• Exercise brief: In the listing below, find every line containing "with" and copy it out.

• Record excerpts:

----------

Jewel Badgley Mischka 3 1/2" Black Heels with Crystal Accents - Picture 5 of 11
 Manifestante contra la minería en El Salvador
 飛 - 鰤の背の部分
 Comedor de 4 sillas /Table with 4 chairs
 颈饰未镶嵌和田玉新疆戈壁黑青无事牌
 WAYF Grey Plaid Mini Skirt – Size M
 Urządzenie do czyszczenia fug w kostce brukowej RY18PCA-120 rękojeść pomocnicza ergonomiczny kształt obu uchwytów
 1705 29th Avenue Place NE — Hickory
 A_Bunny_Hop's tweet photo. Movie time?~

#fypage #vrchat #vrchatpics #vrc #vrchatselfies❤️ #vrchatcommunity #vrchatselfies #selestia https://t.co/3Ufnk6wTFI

----------

• Written answer:
Jewel Badgley Mischka 3 1/2" Black Heels with Crystal Accents - Picture 5 of 11
 Comedor de 4 sillas /Table with 4 chairs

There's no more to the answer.